BULLETIN
Il avait quelque chose de
particulier, d’inimitable, une voix claironnante, cuivrée,
légèrement éraillée, qui signalait de loin sa présence, et dont le
timbre, en son habituelle interrogation " comment qu’çà
va ? " suffisait à rassurer les inquiets et calmer les
souffrants.
Combien êtes-vous, Sfaxiens, Musulmans,
Israélites, Français, Maltais, Grecs, Italiens, qui avez
reçu votre première fessée du spécialiste accoucheur : le
docteur Ceccaldi ?
Combien êtes-vous qui avez dû à ses soins attentifs, attentionnés,
dans votre jeunesse, votre santé d’aujourd’hui ?
On le voyait à toutes les heures,
dans une vieille guimbarde traînée par une haridelle, conduite par un
très vieux cocher qu’il n’a jamais voulu abandonner. A une
proposition d’automobile, il répondit un jour montrant son
" carroussa " : "je ne peux pas leur faire
cela".
Il était quelquefois un peu débraillé, un peu
poussiéreux (il visitait tant de taudis, tant de misères) mais que de
propreté, de probité, dans sa science et son esprit !

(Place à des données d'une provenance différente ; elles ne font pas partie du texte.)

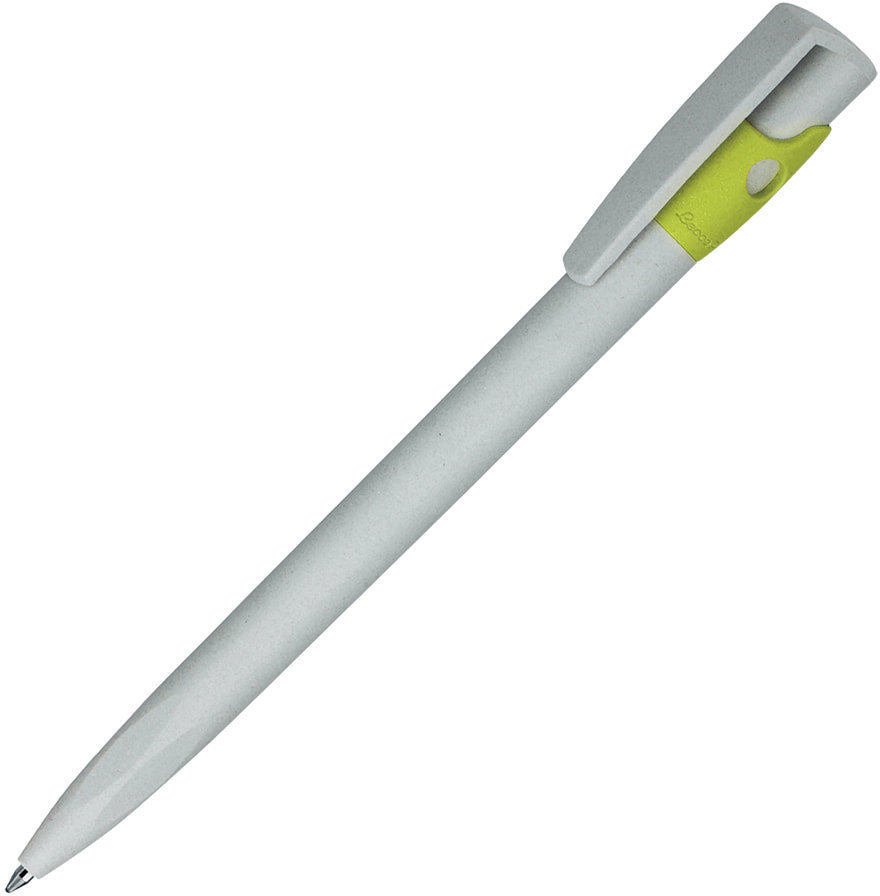 Артикул: H392EW/19 — KIKI ECOLINE, ручка шариковая, серый/светло-зеленый, экопластик
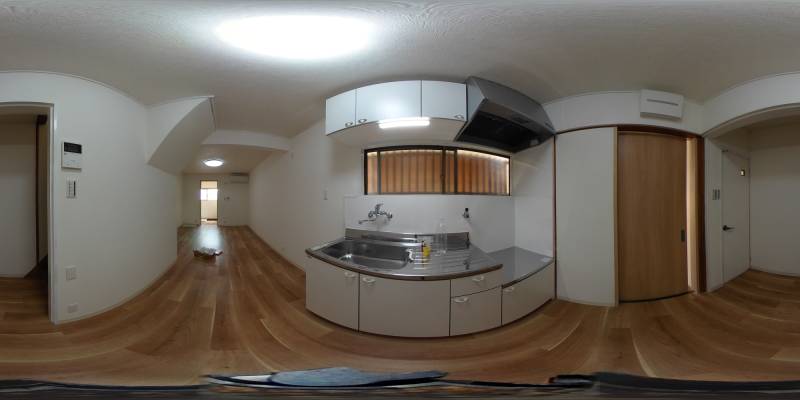 パノラマ画像キッチン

Il aimait son art, ses malades, les enfants, comme il aimait, en esprit
érudit toutes les manifestations littéraires, artistiques, musicales.
Rappeler son incommensurable et infatigable
bonté, ce serait presque faire offense à la mémoire de ce grand
socialiste agissant, qui se défendait d’être charitable, et savait
cependant si souvent oublier ses honoraires dès qu’il s’agissait de
gens modestes.
Un accident navrant, conséquence lamentable de l’occupation de Sfax,
lui a coûté la vie. Mais pour tous les Sfaxiens, le
" bon " docteur Ceccaldi est encore vivant dans un
souvenir de profonde, respectueuse, affectueuse reconnaissance.